Try it: Quote the listing below in its entirety.

..........

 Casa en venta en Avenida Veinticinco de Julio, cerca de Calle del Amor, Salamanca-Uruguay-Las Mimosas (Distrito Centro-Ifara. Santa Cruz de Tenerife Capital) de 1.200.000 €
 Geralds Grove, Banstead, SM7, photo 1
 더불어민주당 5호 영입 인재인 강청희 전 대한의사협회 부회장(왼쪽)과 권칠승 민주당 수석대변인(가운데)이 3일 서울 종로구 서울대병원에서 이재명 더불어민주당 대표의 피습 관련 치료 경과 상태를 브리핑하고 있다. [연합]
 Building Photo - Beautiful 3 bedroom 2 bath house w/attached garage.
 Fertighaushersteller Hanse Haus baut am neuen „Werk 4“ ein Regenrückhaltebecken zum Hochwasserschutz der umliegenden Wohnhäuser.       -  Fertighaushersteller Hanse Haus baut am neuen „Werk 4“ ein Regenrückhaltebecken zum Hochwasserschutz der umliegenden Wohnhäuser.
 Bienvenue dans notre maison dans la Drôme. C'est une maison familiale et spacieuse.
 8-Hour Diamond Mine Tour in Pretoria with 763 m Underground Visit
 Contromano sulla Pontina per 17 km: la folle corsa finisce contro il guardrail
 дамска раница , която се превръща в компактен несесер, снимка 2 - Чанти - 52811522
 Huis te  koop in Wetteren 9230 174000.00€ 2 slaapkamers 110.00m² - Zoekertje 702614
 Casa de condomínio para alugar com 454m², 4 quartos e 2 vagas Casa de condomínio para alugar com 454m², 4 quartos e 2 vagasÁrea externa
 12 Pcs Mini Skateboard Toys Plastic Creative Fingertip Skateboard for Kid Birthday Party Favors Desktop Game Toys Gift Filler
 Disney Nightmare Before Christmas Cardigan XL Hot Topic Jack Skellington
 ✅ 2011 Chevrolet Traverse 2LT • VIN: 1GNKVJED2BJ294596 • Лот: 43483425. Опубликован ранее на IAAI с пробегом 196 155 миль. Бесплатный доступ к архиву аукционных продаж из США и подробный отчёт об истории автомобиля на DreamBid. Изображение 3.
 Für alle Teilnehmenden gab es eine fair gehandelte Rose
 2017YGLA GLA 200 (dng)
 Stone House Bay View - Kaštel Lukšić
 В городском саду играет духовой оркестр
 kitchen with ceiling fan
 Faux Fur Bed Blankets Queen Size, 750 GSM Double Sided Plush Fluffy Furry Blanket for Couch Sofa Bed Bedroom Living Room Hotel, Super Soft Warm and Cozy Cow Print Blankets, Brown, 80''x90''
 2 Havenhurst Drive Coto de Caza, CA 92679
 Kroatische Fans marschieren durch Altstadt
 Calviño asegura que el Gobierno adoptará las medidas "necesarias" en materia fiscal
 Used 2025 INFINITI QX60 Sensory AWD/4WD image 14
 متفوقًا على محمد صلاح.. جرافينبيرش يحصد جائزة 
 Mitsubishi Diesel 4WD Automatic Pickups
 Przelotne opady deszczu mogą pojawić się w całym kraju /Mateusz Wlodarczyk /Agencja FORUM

..........

Task answer:
 Casa en venta en Avenida Veinticinco de Julio, cerca de Calle del Amor, Salamanca-Uruguay-Las Mimosas (Distrito Centro-Ifara. Santa Cruz de Tenerife Capital) de 1.200.000 €
 Geralds Grove, Banstead, SM7, photo 1
 더불어민주당 5호 영입 인재인 강청희 전 대한의사협회 부회장(왼쪽)과 권칠승 민주당 수석대변인(가운데)이 3일 서울 종로구 서울대병원에서 이재명 더불어민주당 대표의 피습 관련 치료 경과 상태를 브리핑하고 있다. [연합]
 Building Photo - Beautiful 3 bedroom 2 bath house w/attached garage.
 Fertighaushersteller Hanse Haus baut am neuen „Werk 4“ ein Regenrückhaltebecken zum Hochwasserschutz der umliegenden Wohnhäuser.       -  Fertighaushersteller Hanse Haus baut am neuen „Werk 4“ ein Regenrückhaltebecken zum Hochwasserschutz der umliegenden Wohnhäuser.
 Bienvenue dans notre maison dans la Drôme. C'est une maison familiale et spacieuse.
 8-Hour Diamond Mine Tour in Pretoria with 763 m Underground Visit
 Contromano sulla Pontina per 17 km: la folle corsa finisce contro il guardrail
 дамска раница , която се превръща в компактен несесер, снимка 2 - Чанти - 52811522
 Huis te  koop in Wetteren 9230 174000.00€ 2 slaapkamers 110.00m² - Zoekertje 702614
 Casa de condomínio para alugar com 454m², 4 quartos e 2 vagas Casa de condomínio para alugar com 454m², 4 quartos e 2 vagasÁrea externa
 12 Pcs Mini Skateboard Toys Plastic Creative Fingertip Skateboard for Kid Birthday Party Favors Desktop Game Toys Gift Filler
 Disney Nightmare Before Christmas Cardigan XL Hot Topic Jack Skellington
 ✅ 2011 Chevrolet Traverse 2LT • VIN: 1GNKVJED2BJ294596 • Лот: 43483425. Опубликован ранее на IAAI с пробегом 196 155 миль. Бесплатный доступ к архиву аукционных продаж из США и подробный отчёт об истории автомобиля на DreamBid. Изображение 3.
 Für alle Teilnehmenden gab es eine fair gehandelte Rose
 2017YGLA GLA 200 (dng)
 Stone House Bay View - Kaštel Lukšić
 В городском саду играет духовой оркестр
 kitchen with ceiling fan
 Faux Fur Bed Blankets Queen Size, 750 GSM Double Sided Plush Fluffy Furry Blanket for Couch Sofa Bed Bedroom Living Room Hotel, Super Soft Warm and Cozy Cow Print Blankets, Brown, 80''x90''
 2 Havenhurst Drive Coto de Caza, CA 92679
 Kroatische Fans marschieren durch Altstadt
 Calviño asegura que el Gobierno adoptará las medidas "necesarias" en materia fiscal
 Used 2025 INFINITI QX60 Sensory AWD/4WD image 14
 متفوقًا على محمد صلاح.. جرافينبيرش يحصد جائزة 
 Mitsubishi Diesel 4WD Automatic Pickups
 Przelotne opady deszczu mogą pojawić się w całym kraju /Mateusz Wlodarczyk /Agencja FORUM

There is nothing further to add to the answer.